Aris Fioretos: Erst vor einigen Jahren habe ich entdeckt, meine Bücher schildern gern Erfahrungen, die ihr Autor nicht selbst gemacht hat, in manchen Fällen sogar nicht machen könnte. Das ist kein Programm und hat sicherlich auch weitere Gründe als den Wunsch, aus seiner eigenen Haut herauszutreten. Aber in der Tat, bisher sind mehrere Romane dieser Art entstanden. Sicherlich würdest du recht behalten, solltest du meinen: Bei allen Unterschieden sind das Texte, die sich auf je andere Weise alle mit Sexualität beschäftigen. Zugegeben. Dennoch gibt es beispielsweise cross dressing auch in anderen Formen – nicht nur inhaltlich, sondern formal. Wahrscheinlich hat mein Buch über Sascha Knisch, das sich unter anderem mit Magnus Hirschfeld beschäftigt, ebenso sehr damit zu tun – mit einem unzuverlässigen Erzähler, mit Verhüllungen und Enthüllungen als narrative Ereignisse – wie mit der sogenannten „Deformation des sexuellen Instinkts“, wie es zu Zeiten dieses ersten Theoretikers des Transvestismus hieß.

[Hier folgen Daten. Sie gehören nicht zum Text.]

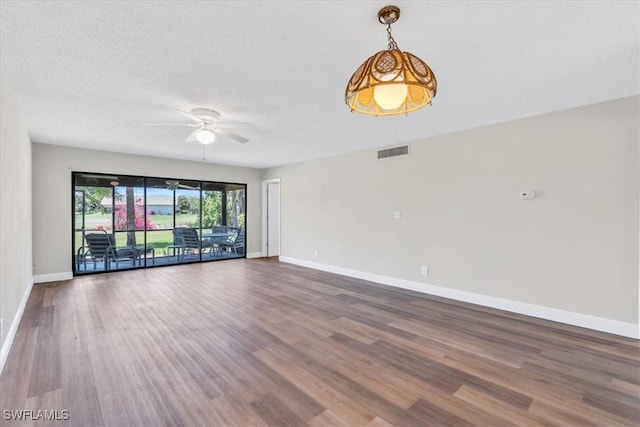 unfurnished room featuring hardwood / wood-style flooring, ceiling fan, and a textured ceiling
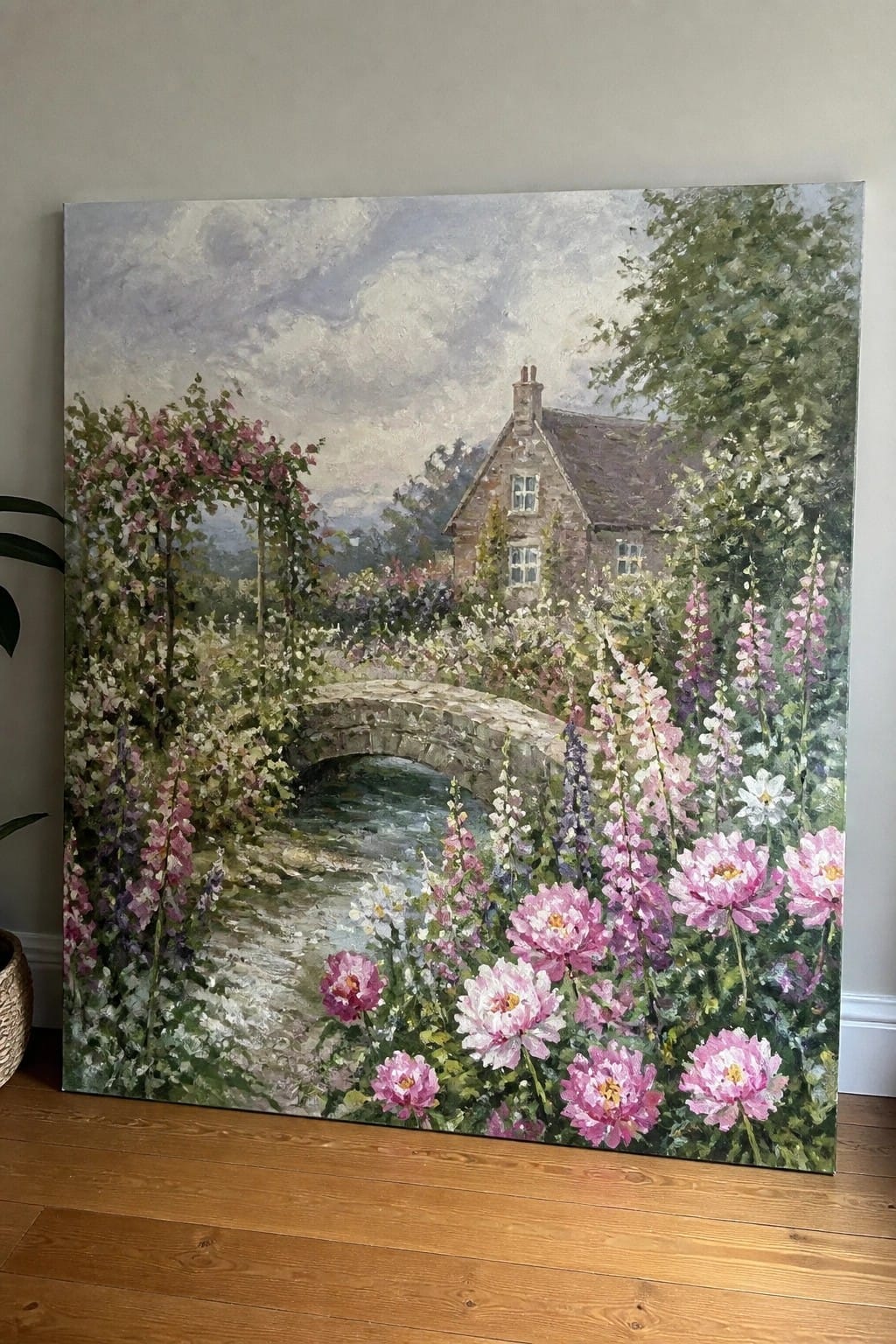 Impressionist oil painting of a cottage garden with pink peonies, hollyhocks, stone bridge, and stream.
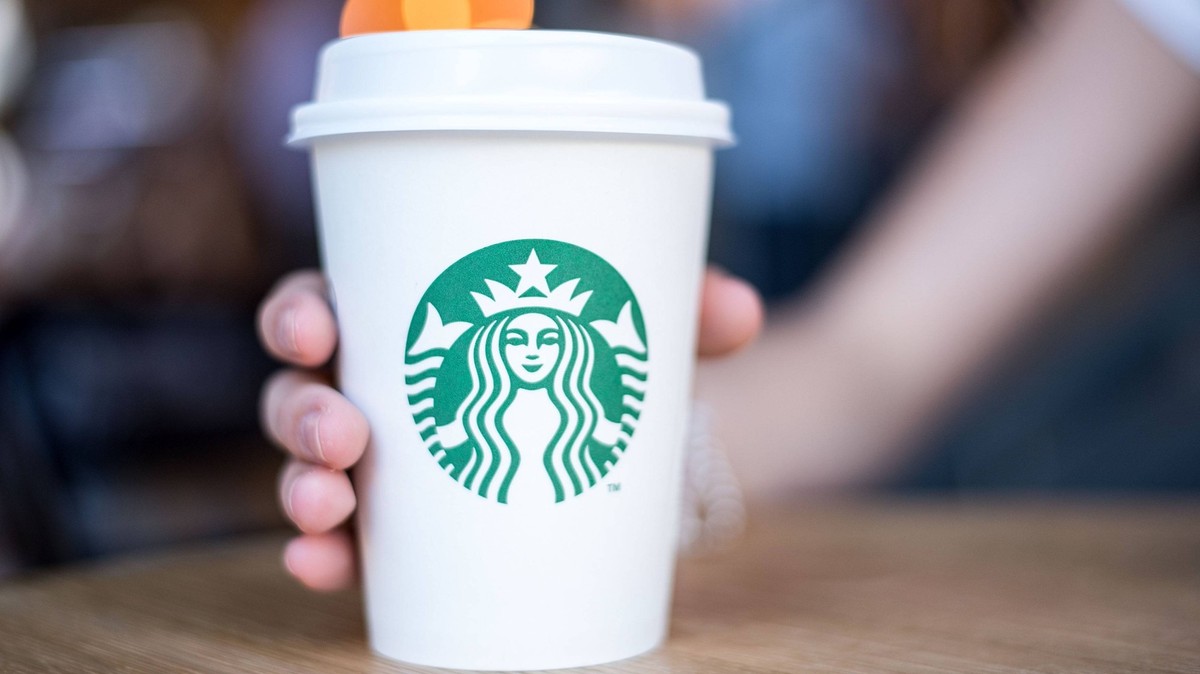 03.10.2017, xfux, Wirtschaft, Restaurant / Kaffee Starbucks Coffee in Madrid in der Calle de la Princesa 42, emwirt emonline, v.l. Eine Frau haelt einen weißen Papierbecher / Becher mit Kaffee gefuell ...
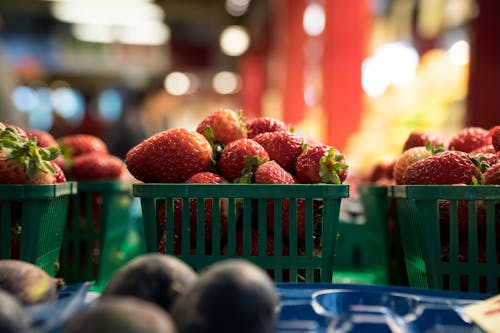 Free Red Strawberries on Green Plastic Basket Stock Photo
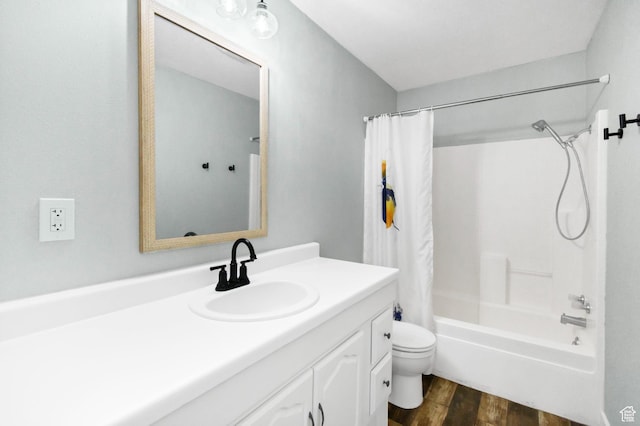 1665 S Kennedy Dr, Marysvale, UT 84750 - full bathroom with wood finished floors, toilet, vanity, and shower / tub combo with curtain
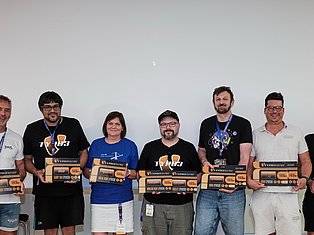 Seven people standing in a line holding award boxes and wearing lanyards against a white wall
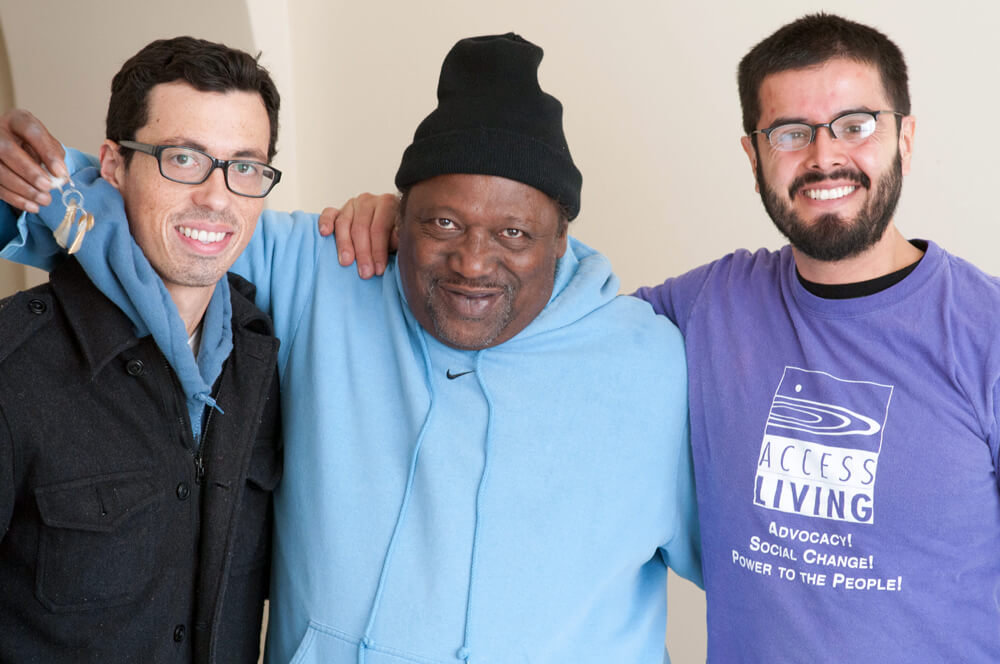 Access Living staff with a consumer who just got the keys to his home after living in a nursing home.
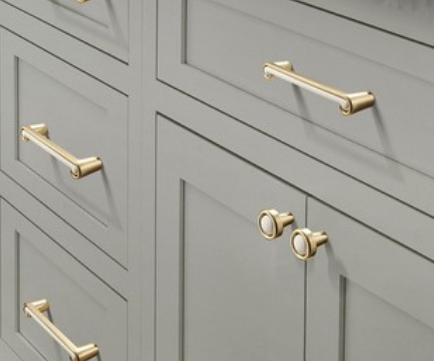 Brass handles on grey drawers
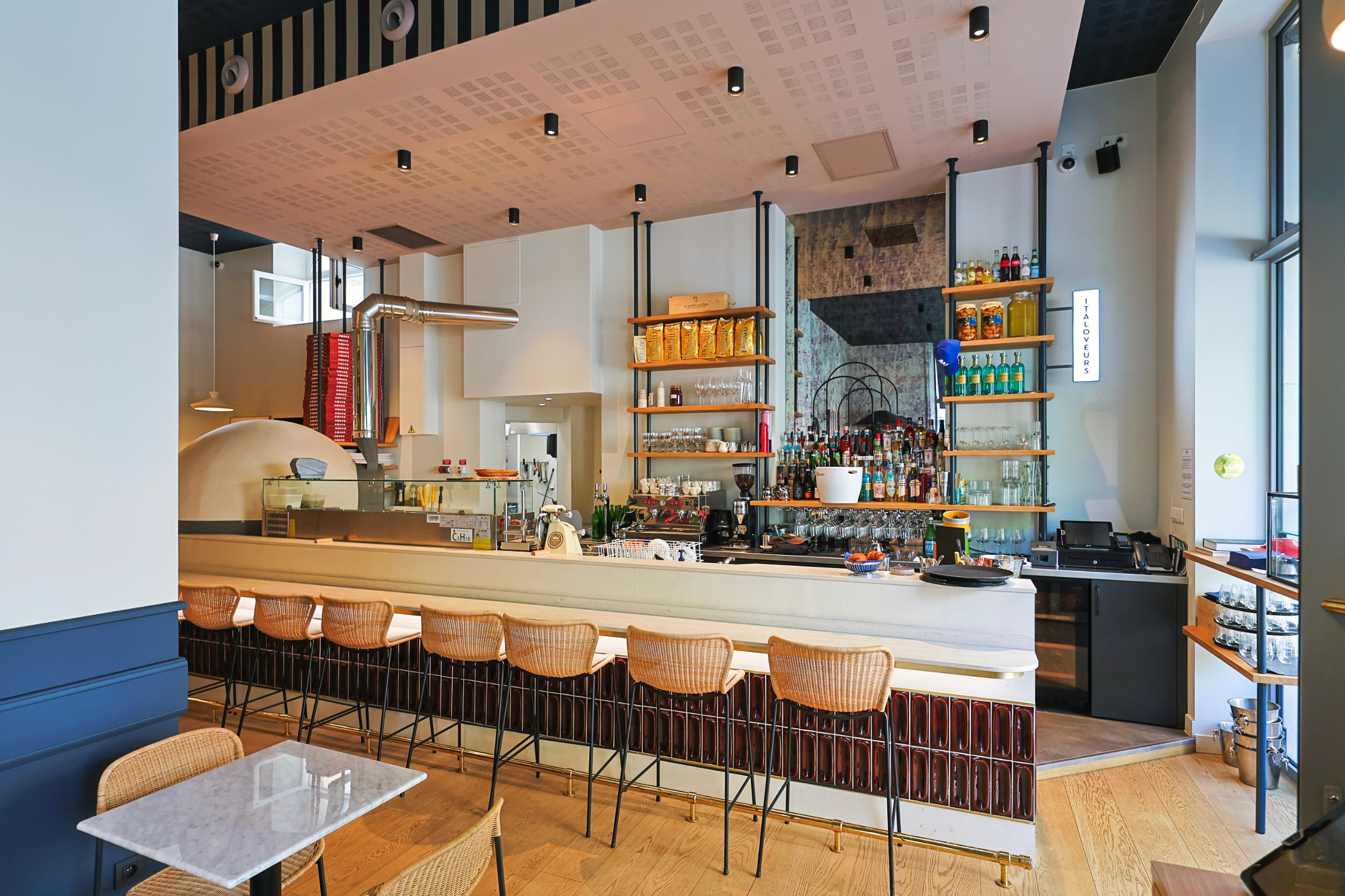 Soon Architecture - Intérieur de café moderne avec un long comptoir, des tabourets en osier, des étagères à bouteilles, des suspensions, un four à pizza et du parquet. De grandes fenêtres laissent entrer la lumière naturelle et une petite table en marbre trône au premier plan.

Im Falle von Mary, wo es darum geht, wie man Vertrauen erzeugt in Situationen, die bedrohlich sind – kurz: wie eine Politik der Mikrohandlungen, oder noch kürzer: Solidarität, entsteht –, ist die Hauptfigur schwanger. Auch in diesem Text sind aber sprachlich-formale Aspekte nicht unbedeutend, denn die Hauptperson, die in einer Diktatur lebt und während eines Studentenaufstands verhaftet wird, entscheidet sich zu schweigen, um ihren Freund nicht zu verraten. Ihr läuft die Zeit jedoch davon. Irgendwann wird das Militär verstehen, dass sie ein Kind trägt und kann ihr damit drohen, es zu entfernen, wenn es auf der Welt ist – was, wie wir wissen, in vielen Diktaturen der Fall war, wo Kinder an regimetreue, aber kinderlose Paare weitergegeben wurden.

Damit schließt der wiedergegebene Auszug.